Thursday, October 10, 2013

Delaware and Raritan Canal Recreation at Weston

Tried the Delaware and Raritan Canal again, at Weston, attempting pickerel with shiners--nothing happened. But I fished with vital enjoyment, practicing my pitching and casting in and around thickets. I must have made half a dozen really good casts that barely missed getting hung up, one of these angled around a whole row of branches allowing me to reel the shiner underneath them. Twice I got hung up. Duckweed is still present and the tactic was to allow the shiner to swim into the darkness underneath the matts. I was a little surprised nothing was ever there to grab the bait. I walked a good eighth of a mile downstream of the lock, fishing hard as I went and really enjoying the solitude, no one having braved the weather to bike, jog, or walk the towpath.

The canal is a small waterway 66 miles long, but it's no place for an expensive boat. Most of the fishing I do is in small waters, and while I would like to fish larger waters with better fishing more, I stay within my means as I have to--and get out there. I don't limit myself to the big trips I take a number of times each year. If I can have a half hour's fishing and get my head cleared out, the positive gain is more than time easily invested. That's what recreation does--refreshes you for more serious matters.

And a lot can be said--a lot more than I will note right now--for small waters, even small waters that typically provide poor fishing, like the canal has for me during the past 20 plus years, better longer ago. Why do I keep returning to the canal? I could have fished Round Valley instead. I could have tried plastics on top of remaining duckweed at Colonial Park for bass--last I did that, I missed seven explosive hits. It's a funny thing, but while I unambiguously love lakes, rivers, the Atlantic, bays, I won't give up on little places like those I first began fishing.

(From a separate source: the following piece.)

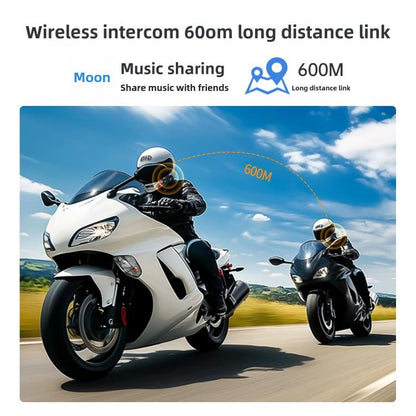 C8Max Motorcycle Intercom Video Helmet Bluetooth Headset HD Video Recorder, Spec: Soft Mic - Motorcycle Walkie Talkie by buy2fix | Online Shopping UK | buy2fix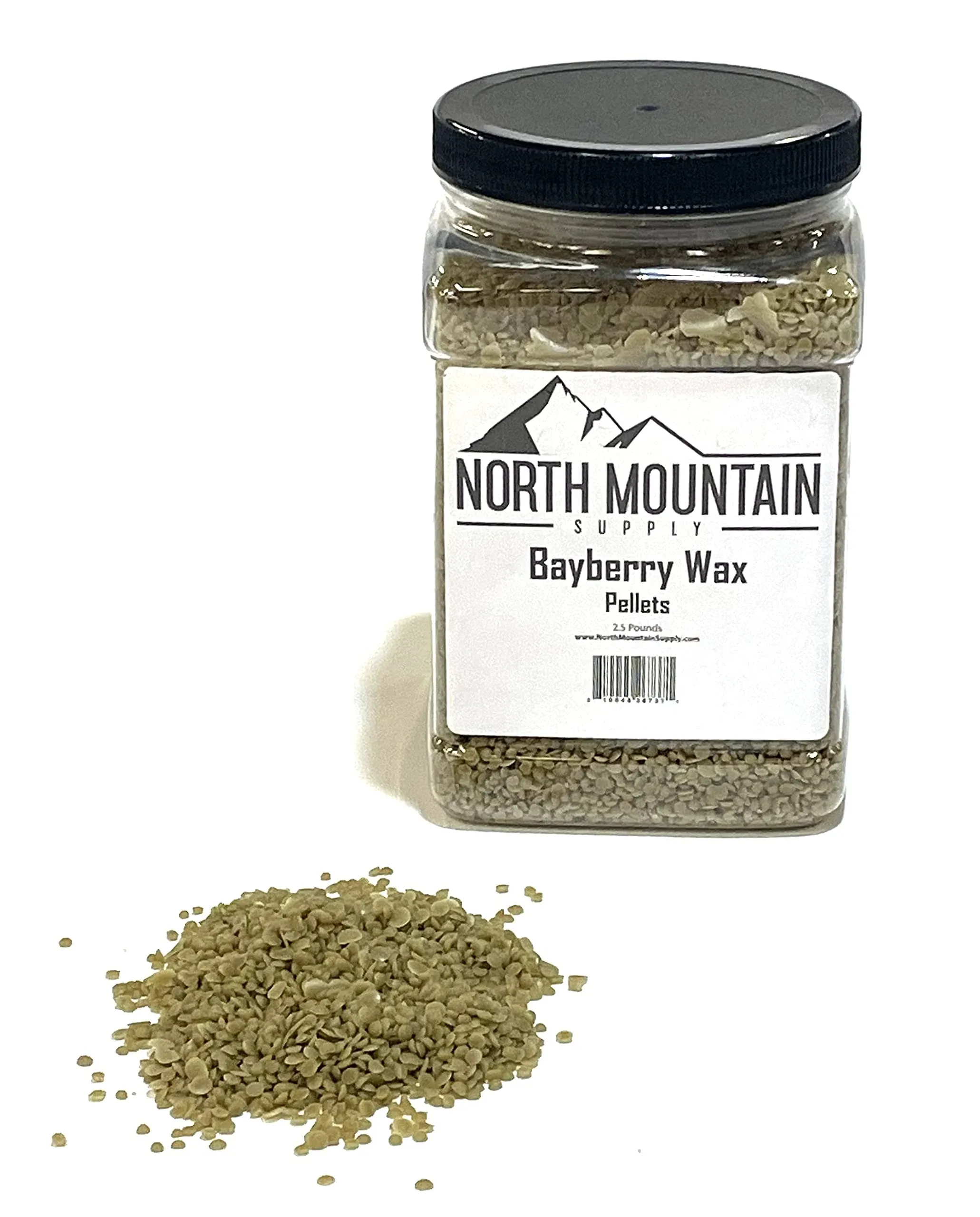 Bayberry Wax Pellets - Great for Candle Making - Smells Like Christmas - 2.5l...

The first place I ever fished was the canal, when I was eight. It no longer has the mystery for me it had at that age, but I know the mystery is there and when I go, I don't want to leave detached and bored. I want to tease out a response that makes me happy, to tell me not everything in this world is good only because it is big and costs a lot.

Tuesday, October 8, 2013

Fly Casters Attempting Round Valley Trout


Since the weather's cooled off, I tried for trout at Round Valley, two lines out and just lying back, reading a novel by David Mitchell, Black Swan Green. I had a fly rod in the car, but didn't care to work a streamer, although this is the time of year that streamers can be effective here. Two fly fishermen waded in the shallows, stripping streamers.

It's the matter of whether or not rainbows swing in close enough. They usually do for short periods, when they do, then move on along the shoreline. Of course, the advantage of having a mealworm or two floated off bottom by a small marshmallow is that it's there waiting for any trout that might come on the scene.

I usually float mine about four feet above a 3/4-ounce steel egg sinker cast well out there, but I noticed guys using split shot and not casting very far more than a week ago, when I stopped on separate days to see what was happening. They caught rainbows. Sometimes the trout will be right up against the edge in very shallow water this time of year.